2. Incorporar a migração climática no planejamento do desenvolvimento
O relatório mostra que há uma necessidade urgente dos países integrarem a migração climática aos planos nacionais de desenvolvimento. A maioria das regiões tem leis, políticas e estratégias mal preparadas para lidar com as pessoas que se deslocam de áreas de crescente risco climático, para áreas que já podem ser densamente povoadas.
A orientação aponta para uma necessidade de construir políticas e ações de desenvolvimento para todos os afetados, em cada fase da migração (antes, durante e depois da mudança). O envolvimento de atores privados, da sociedade civil e de organizações internacionais é fundamental para a construção de estruturas de políticas e capacidades para traçar estratégias.
3. Investir agora para melhorar a compreensão da migração climática
O relatório é claro ao dizer que existem incertezas inerentes à maneira como os impactos climáticos vão se manifestar em um determinado local. Nesse sentido, à medida que mais dados se tornam disponíveis sobre as mudanças climáticas e seus prováveis impactos sobre a disponibilidade de água, o aumento do nível do mar, secas, entre outros impactos, os cenários e modelos construídos para entender os impactos desses fenômenos, precisam ser atualizados para produzir projeções mais detalhadas espacialmente.
É importante intensificar a capacitação nacional para coletar e monitorar dados relevantes, para aumentar a compreensão das interações entre os impactos climáticos, ecossistemas, meios de subsistência e mobilidade, e assim ajudar os países a definir políticas, planejamento e decisões de investimento.
Alguns comentários:
O relatório fornece uma série de recomendações de políticas que podem ajudar a desacelerar os fatores que impulsionam a migração climática e se preparar para os fluxos de migração esperados. Ao implementar uma abordagem baseada em cenários, o relatório explora resultados futuros em potencial que podem ajudar os tomadores de decisão a planejarem com antecedência.
Os números apresentados no relatório não são apenas uma projeção baseada em modelos que consideram dados demográficos, socioeconômicos e de impacto climático. De fato, estamos caminhando para uma crise humana. A migração climática ou esses “migrantes climáticos”, somam-se aos milhões de pessoas que já se deslocam dentro das fronteiras de seus países por motivos sociais, políticos, econômicos ou outros.

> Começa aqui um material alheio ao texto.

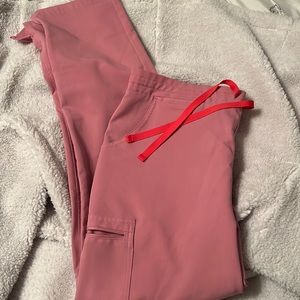 Chalk pink figs yola pants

Como o relatório sinaliza, temos uma pequena janela para preparar o terreno para essa nova realidade, antes que os efeitos da mudança climática se aprofundem.
Boa semana!
[1] As áreas periurbanas são áreas que se encontram numa posição de transição entre espaços estritamente rurais e áreas urbanas. As áreas periurbanas garantem, em geral, uma articulação urbano-rural de proximidade e podem eventualmente tornar-se totalmente urbanas.